The following year, we hunted again and I managed to find Momuji – Shin’s English setter – on his first point with a grouse, too far from the road for Shin to get a shot. He sent me in on the point and Bridget flushed the grouse.   I made the shot – the first pointed grouse over the Shin’s setter.  A proud moment for Shin and Momuji.

The last covert I hunted with Shin on the last year I hunted with him, was in the big woods, on the west side of the Allagash Wilderness Waterway.  We hunted an old skidder trail, working our way up a long hill – mixed hardwood forest with lots of young growth and raspberries around the logging openings –  close to half a mile.  Knowing that the walk back to the truck would really tax Shin with his limited mobility, I offered to run back to the truck with Bridget, allowing him to keep hunting uphill with Momuji until I drove the truck up the hill to meet him.  I returned with the truck 30 minutes later to pick him up and there he stood, beaming with a beautiful cock grouse.  “Momuji pointed it and I killed it on the flush.”

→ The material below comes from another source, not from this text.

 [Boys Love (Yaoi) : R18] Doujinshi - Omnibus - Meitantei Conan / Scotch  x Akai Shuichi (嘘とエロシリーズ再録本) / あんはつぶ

Shin never made it to Weatherby’s, although he was planning to come the year he passed.  We shared a few hunts over the course of several seasons before that time came.  I never saw Momuji again either, but my guess is that the two of them are chasing hares and flushing grouse somewhere in the Big Woods.  Hunts and dogs, I will never forget.

And as for Bridget, I’d bring her coffee anytime.  Hunt on.

And there you have the Chainsaw Grouse😊  Good dog Bridget (And Momuji)!